“I wish to be a torchbearer of your values”

Mrinalini Bondyopadhyay

(Daughter of Srikumar Bondyopadhyay, the financial journalist, who is no more to hold her hand, writes he may not have prepared her for his early departure, but he has been an experience sharing dad — an invaluable beacon for life)

Wikihow should really have a tutorial on how to start writing about the person, who meant the whole world to you.

Clueless, let me begin simply with his name. Srikumar Bondyopadhyay. He was everything to me. My  beloved Baba, of course, but also my best friend and my greatest teacher. The person, who would constantly push me to think in different ways, to write more. The person, who would gently explain all the mysteries of life on long walks along a mountain road. The person who had the greatest listening ear, the best taste in music and the brightest laughter.

Whenever the question comes up, ‘who’s your role model’ my answer is always Srikumar Bondyopadhyay. He pretty much shaped the person I am today, and contoured the person I want to be. Somewhere along the line, his childhood dream of becoming an economist became my ambition. The music he loved became the music I am obsessed with (both 60’s-70’s folk rock/country music junkies). His interest in Sanskrit and maths became my interests too (also I did transmit my obsession with history to him). He had his caffeine addiction and I proudly inherited that.

Srikumar Bondyopadhyay

The way he endeared himself to everyone he came across in life became the way I aspire to be. I am generally a person who is very eager to please. But even the praises from the biggest of people means very little next to the smile that Baba would give me whenever I came home with the smallest of achievements.  I don’t know what I will do without that; with my best friend gone. I don’t know who I’ll share my nerdy jokes with, who I’ll send all the interesting stuff I’ve read on the internet to, who I’ll do ‘people-watching’ with at parties. We used to joke that we had a telepathic connection (not as strong as the one he had with Ma though)- maybe it’s time to bring it to action.
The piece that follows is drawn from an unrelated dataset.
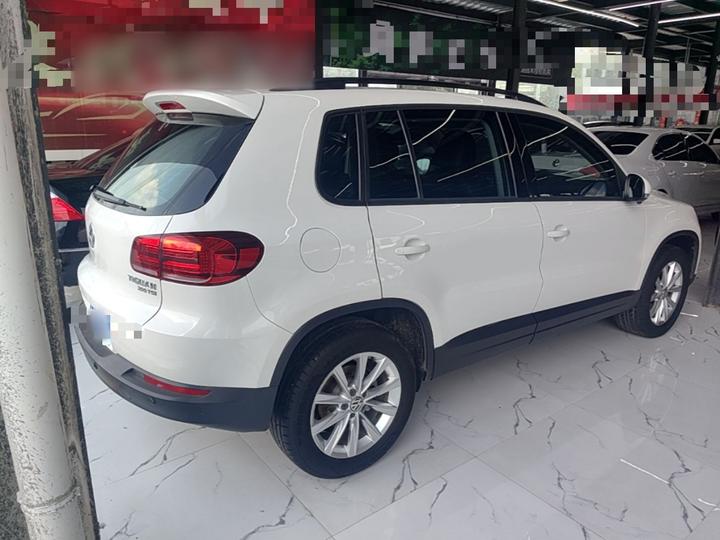 Tiguan 2017 300TSI AT RWD photo 4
It hasn’t really hit me; what Baba’s absence truly means. His presence was so huge, so bright and warm like the sun, that it’s quite impossible to miss him even when he isn’t there in front of my eyes. It will come crashing down soon enough, I suppose (I just hope there’ll be a bed or something when I inevitably crumple into mush). 

Till then, I’ll think of all the big and small moments that we shared together. How warm his cuddles were, the way he could laugh big and clear at every little thing, how he could turn into a literal 5-year-old on a sugar rush when playing with kids. He would read to me everything he wrote as if I could give him any feedback at all.

He used to start long-winded, elaborate analyses of share markets or China’s economy when he got slightly tipsy. He loved clicking photos so much that it was rather a Herculean task for me to find a single good photo of him. He never did anything without at least a week of intensive research — even when buying plants for his new-found hobby of gardening. 

So far what I wrote mean nothing really. There’s tons and tons more that I could say and I am pretty sure I’ve missed moments and memories that will pop up in my mind and hit me with the force of a fire truck later. Can’t stop for too long at all, for there’s so much that needs to be done. Now, Baba did not prepare me for any of this (very un-Srikumar Bondyopadhyay like). But, no complaints because he did give me the gift of his knowledge and experience and I’m the luckiest person in the world to have that. I’ll become the badass economist he wanted me to be, I’ll hug Ma and my sis tightly for him and I’ll take the best care of his camera and his plant babies. Hopefully, the telepathic connection will work at lightning speed and I’ll get to see that smile of his in HD.